- Born: Carolina Bucci October 1976 (age 49) Florence, Italy
- Education: Fashion Institute of Technology
- Occupation: Jewelry designer
- Known for: Florentine Finish (Frosted Gold) and Woven gold jewelry
- Label: Carolina Bucci
- Website: http://www.carolinabucci.com

= Carolina Bucci =

Italian jewellery designer

Carolina Bucci (born October 1976) is an Italian fine jewelry designer. Born in Florence, Italy, she lives between London and New York City and is the first female to lead her family's jewelry company.

== Early life ==
Carolina Bucci was born in October 1976, in Florence, Italy.

==Career==
Bucci is the 4th generation in her family line of fine jewelers, which began when her great-grandfather, Ferdinando Bucci, opened a workshop in Florence, Italy, specializing in the sale and repair of gentlemen's pocket watches. He eventually began to make bespoke gold chains to accessorize his clients' timepieces, and from there he moved into the production of fine jewelry. His son, Fosco, took over the business in 1920, by which point they had gained success across Italy, and moved the showroom to Piazza Santo Stefano, next to Florence's Ponte Vecchio. After the Second World War, her father grew the business internationally, particularly in the US and Japan, whilst continuing to anchor the manufacture of the jewelry in the family's Florentine workshops.

===Design===
Following her graduation from FIT where she studied fine arts and jewelry design, Bucci returned to Florence where she launched her first collections: Lucky (a reinvention of the friendship bracelets she made as a child), Woven, a reinvention of centuries-old Florentine textile looms to weave gold and silk threads. She also specializes in the Florentine Finish, her signature gold hammering technique which can be seen throughout her collections, and which she introduced to Audemars Piguet during their collaborations on the Frosted Gold Royal Oak watches. Bucci credits her Lucky bracelet's appearance in Sex and the City with launching her career as a designer more broadly.
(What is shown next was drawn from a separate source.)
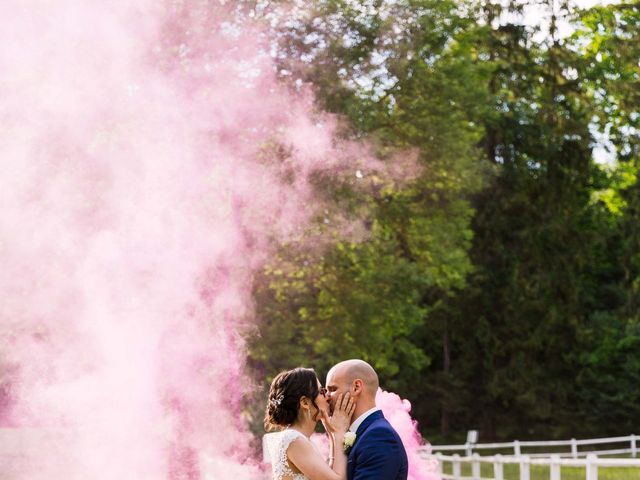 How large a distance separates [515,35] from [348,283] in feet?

A selection of her designs are in the permanent jewelry collection of the Palazzo Pitti museum in Florence.

2018 also saw the launch of the FORTE beads collection, which debuted in Las Vegas at the Couture Jewelry Show.

In 2019 Bucci released a series of hand blown glasses, made in collaboration with the Murano glass maker Laguna B, as well as hand carved Carrara marble spheres and the application of her Florentine Finish to homeware pieces.

====Audemars Piguet====
In 2016 she announced a collaboration with Audemars Piguet, to redesign their Royal Oak watch with her Florentine finish to celebrate the watch's 40th anniversary. For her second collaboration with Audemars Piguet in 2018, Bucci once again applied her signature Florentine Finish to the Limited Edition Royal Oak, this time in 18k yellow gold, alongside a silver toned mirror dial, in place of the traditional Tapisserie.

===Retail===
In 2007 she established her London flagship store, and in 2018 relocated it to 22 Motcomb Street. Her first flagship in her hometown of Florence opened July 2023.